▶ [Provided entries]
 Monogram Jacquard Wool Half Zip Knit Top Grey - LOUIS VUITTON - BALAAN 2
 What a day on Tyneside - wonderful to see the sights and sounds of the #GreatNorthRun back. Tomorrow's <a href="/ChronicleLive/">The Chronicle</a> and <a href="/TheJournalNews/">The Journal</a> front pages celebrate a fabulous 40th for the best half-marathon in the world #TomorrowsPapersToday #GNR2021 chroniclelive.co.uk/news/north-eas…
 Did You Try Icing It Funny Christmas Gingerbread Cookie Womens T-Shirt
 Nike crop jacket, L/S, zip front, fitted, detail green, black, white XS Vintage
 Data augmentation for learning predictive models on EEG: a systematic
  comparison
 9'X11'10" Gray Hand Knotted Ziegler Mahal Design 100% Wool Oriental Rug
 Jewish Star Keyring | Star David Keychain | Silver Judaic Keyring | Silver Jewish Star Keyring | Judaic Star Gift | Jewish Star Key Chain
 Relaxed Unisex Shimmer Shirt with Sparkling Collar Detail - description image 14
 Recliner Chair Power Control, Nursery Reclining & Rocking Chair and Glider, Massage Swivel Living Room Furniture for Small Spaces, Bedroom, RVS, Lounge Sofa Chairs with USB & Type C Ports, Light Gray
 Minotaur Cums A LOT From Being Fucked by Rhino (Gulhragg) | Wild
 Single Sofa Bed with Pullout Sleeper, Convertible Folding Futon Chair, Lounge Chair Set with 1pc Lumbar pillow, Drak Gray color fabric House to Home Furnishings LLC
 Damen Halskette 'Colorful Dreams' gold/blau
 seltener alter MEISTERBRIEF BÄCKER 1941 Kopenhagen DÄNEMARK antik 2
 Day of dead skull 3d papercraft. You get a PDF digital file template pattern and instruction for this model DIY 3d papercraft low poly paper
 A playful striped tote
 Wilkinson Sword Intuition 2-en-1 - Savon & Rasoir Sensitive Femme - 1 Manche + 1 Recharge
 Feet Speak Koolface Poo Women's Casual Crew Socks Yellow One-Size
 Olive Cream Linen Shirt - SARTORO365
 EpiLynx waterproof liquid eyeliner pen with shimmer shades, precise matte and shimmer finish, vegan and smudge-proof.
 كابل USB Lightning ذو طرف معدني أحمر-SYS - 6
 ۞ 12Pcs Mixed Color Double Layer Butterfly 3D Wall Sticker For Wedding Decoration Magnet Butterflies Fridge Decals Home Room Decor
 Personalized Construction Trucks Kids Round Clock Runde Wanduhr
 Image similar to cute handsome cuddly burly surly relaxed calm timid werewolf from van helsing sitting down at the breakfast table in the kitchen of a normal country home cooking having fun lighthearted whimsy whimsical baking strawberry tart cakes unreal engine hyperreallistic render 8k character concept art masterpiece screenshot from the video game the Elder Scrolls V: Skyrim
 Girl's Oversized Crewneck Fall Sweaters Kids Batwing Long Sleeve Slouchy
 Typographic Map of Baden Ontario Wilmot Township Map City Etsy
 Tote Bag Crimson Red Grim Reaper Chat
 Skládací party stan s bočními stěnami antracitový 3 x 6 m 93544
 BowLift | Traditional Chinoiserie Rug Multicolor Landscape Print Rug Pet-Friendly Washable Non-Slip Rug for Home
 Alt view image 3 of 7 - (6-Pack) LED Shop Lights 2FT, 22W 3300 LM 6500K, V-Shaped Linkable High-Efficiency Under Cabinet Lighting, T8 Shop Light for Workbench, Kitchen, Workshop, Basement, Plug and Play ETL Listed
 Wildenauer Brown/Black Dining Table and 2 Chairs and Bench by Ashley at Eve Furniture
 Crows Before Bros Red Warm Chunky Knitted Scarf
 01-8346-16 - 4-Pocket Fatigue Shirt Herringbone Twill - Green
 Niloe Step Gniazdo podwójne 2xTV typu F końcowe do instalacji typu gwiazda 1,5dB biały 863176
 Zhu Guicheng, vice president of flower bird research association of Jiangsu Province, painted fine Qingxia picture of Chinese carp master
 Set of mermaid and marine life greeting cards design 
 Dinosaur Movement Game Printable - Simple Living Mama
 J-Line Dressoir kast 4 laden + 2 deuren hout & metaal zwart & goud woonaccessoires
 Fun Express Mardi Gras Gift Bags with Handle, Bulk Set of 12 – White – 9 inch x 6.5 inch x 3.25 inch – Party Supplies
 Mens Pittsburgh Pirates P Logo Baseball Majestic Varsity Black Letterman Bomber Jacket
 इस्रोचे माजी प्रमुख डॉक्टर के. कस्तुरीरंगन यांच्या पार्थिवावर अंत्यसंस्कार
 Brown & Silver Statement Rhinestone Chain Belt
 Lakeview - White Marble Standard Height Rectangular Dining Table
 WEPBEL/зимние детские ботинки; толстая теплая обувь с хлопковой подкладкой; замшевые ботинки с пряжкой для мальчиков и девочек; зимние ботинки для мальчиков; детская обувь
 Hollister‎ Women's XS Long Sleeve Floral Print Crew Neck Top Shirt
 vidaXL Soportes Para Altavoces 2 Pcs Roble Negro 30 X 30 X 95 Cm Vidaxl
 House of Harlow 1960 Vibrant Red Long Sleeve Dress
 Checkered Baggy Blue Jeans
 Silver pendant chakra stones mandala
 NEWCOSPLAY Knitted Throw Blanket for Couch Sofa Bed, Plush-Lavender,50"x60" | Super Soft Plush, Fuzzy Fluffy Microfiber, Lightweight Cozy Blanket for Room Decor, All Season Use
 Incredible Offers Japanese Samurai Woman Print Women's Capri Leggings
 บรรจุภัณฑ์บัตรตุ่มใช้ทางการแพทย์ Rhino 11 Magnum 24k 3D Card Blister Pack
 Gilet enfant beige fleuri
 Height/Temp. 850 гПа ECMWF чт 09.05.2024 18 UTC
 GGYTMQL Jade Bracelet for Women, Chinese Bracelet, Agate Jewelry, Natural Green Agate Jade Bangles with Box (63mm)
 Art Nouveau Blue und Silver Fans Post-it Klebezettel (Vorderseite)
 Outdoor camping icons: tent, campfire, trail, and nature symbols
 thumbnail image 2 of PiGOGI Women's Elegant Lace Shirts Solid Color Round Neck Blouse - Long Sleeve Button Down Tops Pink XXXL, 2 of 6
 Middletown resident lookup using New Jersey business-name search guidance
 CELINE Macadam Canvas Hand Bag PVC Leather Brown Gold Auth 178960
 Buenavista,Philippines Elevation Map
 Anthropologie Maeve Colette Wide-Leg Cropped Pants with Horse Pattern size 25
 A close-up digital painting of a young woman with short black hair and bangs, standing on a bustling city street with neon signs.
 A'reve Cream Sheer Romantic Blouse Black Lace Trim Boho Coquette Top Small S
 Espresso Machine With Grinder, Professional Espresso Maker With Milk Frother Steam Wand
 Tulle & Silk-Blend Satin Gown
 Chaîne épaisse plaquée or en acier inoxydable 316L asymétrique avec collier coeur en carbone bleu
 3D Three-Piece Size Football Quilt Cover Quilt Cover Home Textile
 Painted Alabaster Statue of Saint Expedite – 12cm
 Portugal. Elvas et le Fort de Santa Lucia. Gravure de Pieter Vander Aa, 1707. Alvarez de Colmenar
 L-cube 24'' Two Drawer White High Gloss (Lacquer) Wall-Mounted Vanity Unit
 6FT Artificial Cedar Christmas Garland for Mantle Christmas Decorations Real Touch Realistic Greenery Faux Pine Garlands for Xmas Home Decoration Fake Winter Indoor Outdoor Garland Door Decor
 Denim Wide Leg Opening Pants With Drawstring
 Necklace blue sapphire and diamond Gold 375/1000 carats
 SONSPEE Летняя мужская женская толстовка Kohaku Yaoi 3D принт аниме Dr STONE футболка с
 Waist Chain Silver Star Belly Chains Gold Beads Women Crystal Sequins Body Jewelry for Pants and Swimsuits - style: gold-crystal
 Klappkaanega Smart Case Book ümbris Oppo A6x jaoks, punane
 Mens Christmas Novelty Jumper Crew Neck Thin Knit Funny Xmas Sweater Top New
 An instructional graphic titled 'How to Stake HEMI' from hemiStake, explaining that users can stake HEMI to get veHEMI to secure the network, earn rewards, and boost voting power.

▶ [Goal of the exercise]
Copy range, inclusive: the line holding "Jewish Star Keyring | Star" to the line holding "Skládací party stan". Reproduce exactly those lines of the records above and no others.

▶ [Exercise output]
 Jewish Star Keyring | Star David Keychain | Silver Judaic Keyring | Silver Jewish Star Keyring | Judaic Star Gift | Jewish Star Key Chain
 Relaxed Unisex Shimmer Shirt with Sparkling Collar Detail - description image 14
 Recliner Chair Power Control, Nursery Reclining & Rocking Chair and Glider, Massage Swivel Living Room Furniture for Small Spaces, Bedroom, RVS, Lounge Sofa Chairs with USB & Type C Ports, Light Gray
 Minotaur Cums A LOT From Being Fucked by Rhino (Gulhragg) | Wild
 Single Sofa Bed with Pullout Sleeper, Convertible Folding Futon Chair, Lounge Chair Set with 1pc Lumbar pillow, Drak Gray color fabric House to Home Furnishings LLC
 Damen Halskette 'Colorful Dreams' gold/blau
 seltener alter MEISTERBRIEF BÄCKER 1941 Kopenhagen DÄNEMARK antik 2
 Day of dead skull 3d papercraft. You get a PDF digital file template pattern and instruction for this model DIY 3d papercraft low poly paper
 A playful striped tote
 Wilkinson Sword Intuition 2-en-1 - Savon & Rasoir Sensitive Femme - 1 Manche + 1 Recharge
 Feet Speak Koolface Poo Women's Casual Crew Socks Yellow One-Size
 Olive Cream Linen Shirt - SARTORO365
 EpiLynx waterproof liquid eyeliner pen with shimmer shades, precise matte and shimmer finish, vegan and smudge-proof.
 كابل USB Lightning ذو طرف معدني أحمر-SYS - 6
 ۞ 12Pcs Mixed Color Double Layer Butterfly 3D Wall Sticker For Wedding Decoration Magnet Butterflies Fridge Decals Home Room Decor
 Personalized Construction Trucks Kids Round Clock Runde Wanduhr
 Image similar to cute handsome cuddly burly surly relaxed calm timid werewolf from van helsing sitting down at the breakfast table in the kitchen of a normal country home cooking having fun lighthearted whimsy whimsical baking strawberry tart cakes unreal engine hyperreallistic render 8k character concept art masterpiece screenshot from the video game the Elder Scrolls V: Skyrim
 Girl's Oversized Crewneck Fall Sweaters Kids Batwing Long Sleeve Slouchy
 Typographic Map of Baden Ontario Wilmot Township Map City Etsy
 Tote Bag Crimson Red Grim Reaper Chat
 Skládací party stan s bočními stěnami antracitový 3 x 6 m 93544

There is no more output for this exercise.